TASK REQUIREMENTS: Starting at the line where "collar up single" occurs, reproduce each line through the end of the entries below exactly. Omit every picture.

MATERIAL FOR THIS TASK:
******************************

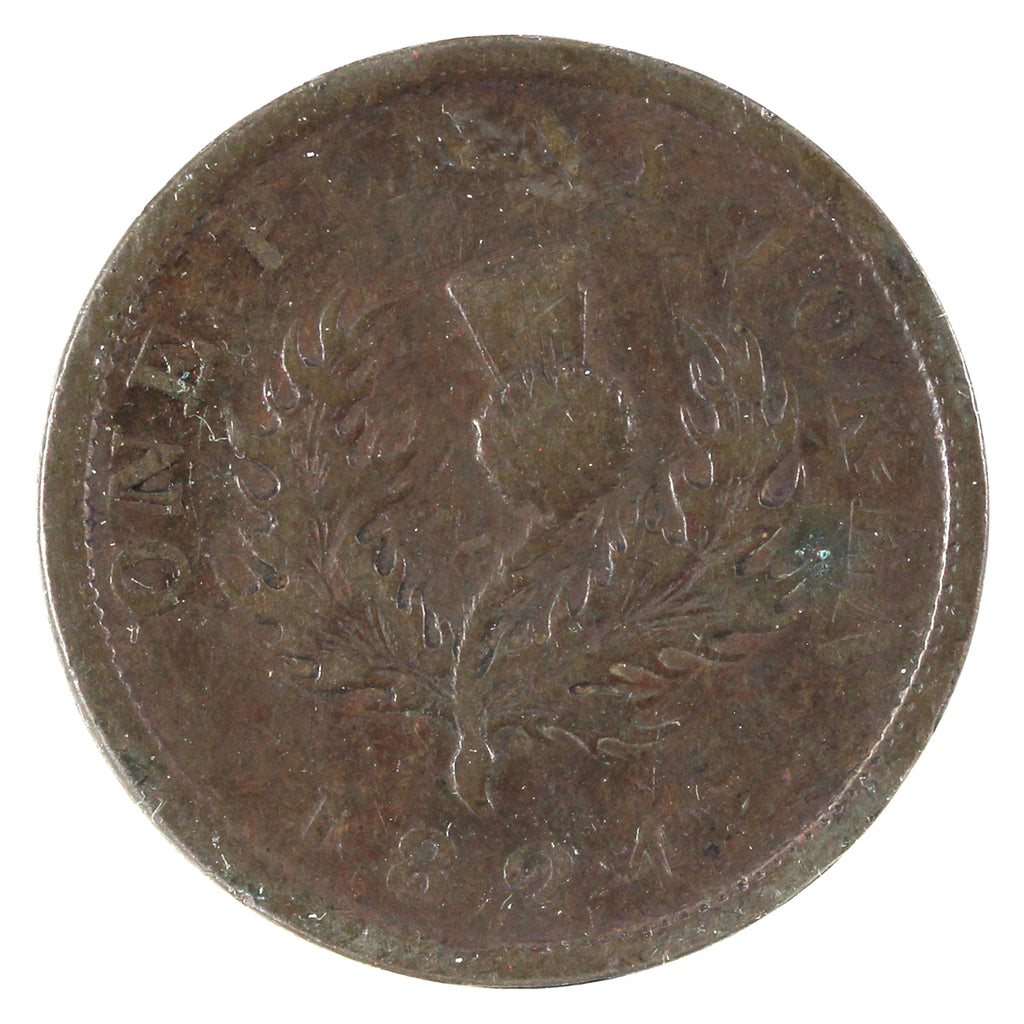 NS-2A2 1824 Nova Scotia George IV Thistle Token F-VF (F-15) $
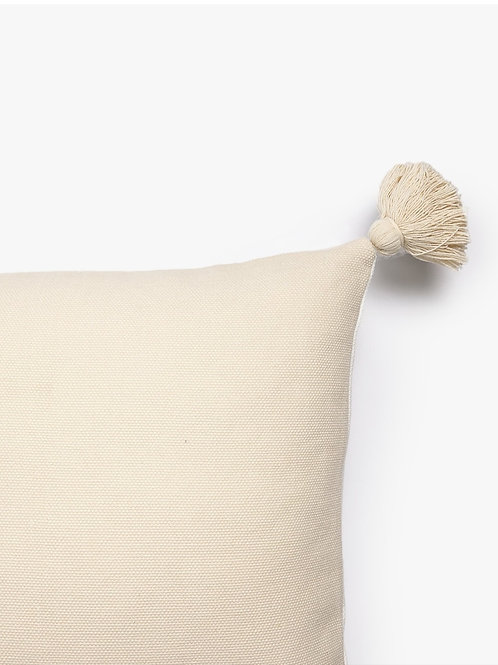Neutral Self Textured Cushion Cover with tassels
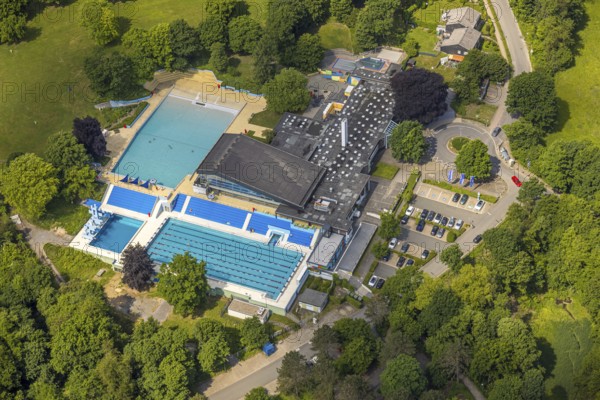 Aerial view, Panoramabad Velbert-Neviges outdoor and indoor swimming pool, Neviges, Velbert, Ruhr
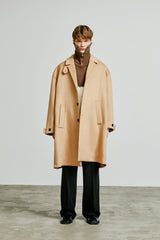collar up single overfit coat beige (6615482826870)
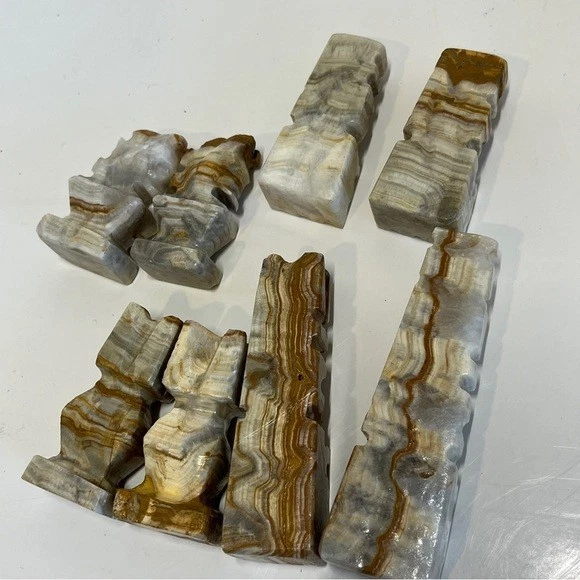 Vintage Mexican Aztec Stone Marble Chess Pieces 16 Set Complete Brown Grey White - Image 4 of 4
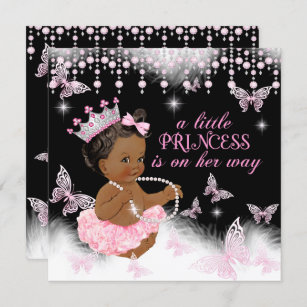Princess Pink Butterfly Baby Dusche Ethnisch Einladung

******************************

EXERCISE RESULT:
collar up single overfit coat beige (6615482826870)
 Vintage Mexican Aztec Stone Marble Chess Pieces 16 Set Complete Brown Grey White - Image 4 of 4
Princess Pink Butterfly Baby Dusche Ethnisch Einladung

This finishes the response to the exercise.